→ About this exercise
Required from the data below: the exact lines starting at the line containing "В Смолевичах новогоднюю" and ending at the line containing "Terreno en venta en Toén, Ourense", with both ends kept and all pictures dropped.

→ Working data
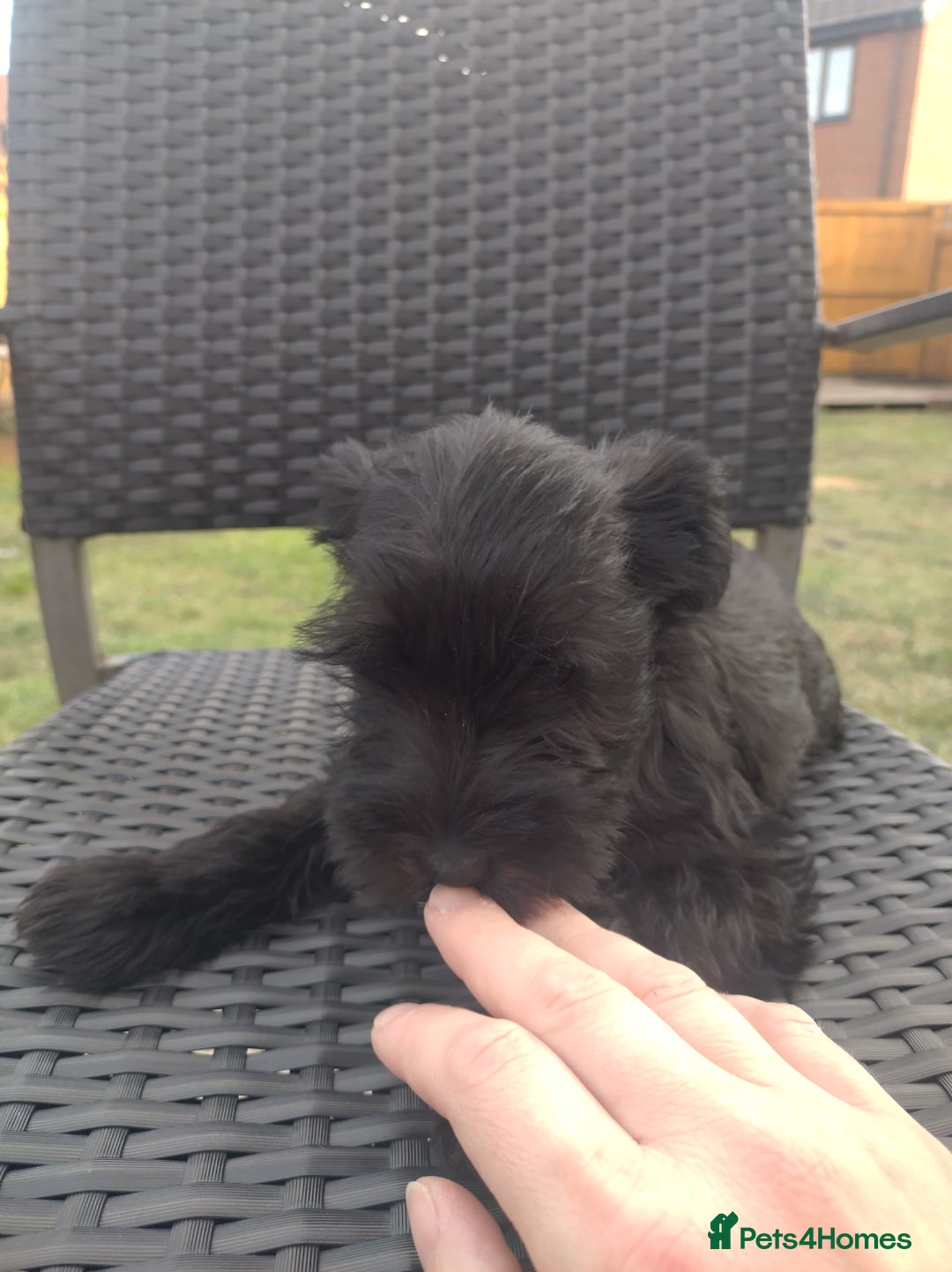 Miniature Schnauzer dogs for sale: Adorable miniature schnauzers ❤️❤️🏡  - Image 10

* * *

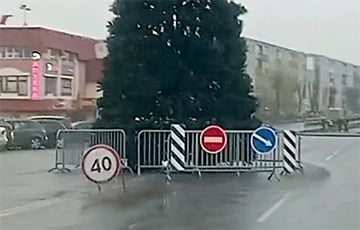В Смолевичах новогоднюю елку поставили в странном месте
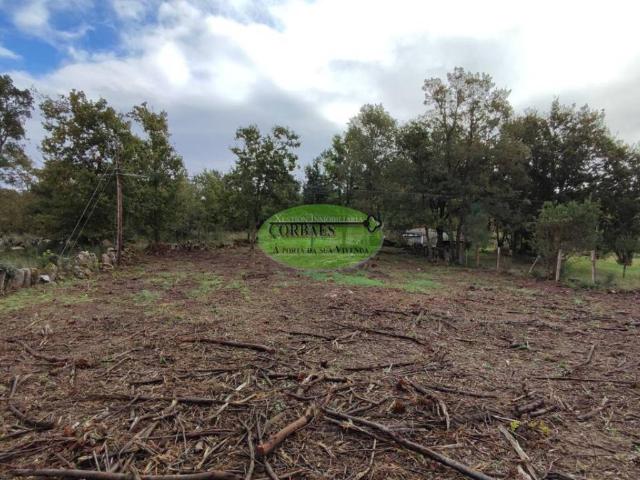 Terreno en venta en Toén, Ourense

→ Worked solution
В Смолевичах новогоднюю елку поставили в странном месте
 Terreno en venta en Toén, Ourense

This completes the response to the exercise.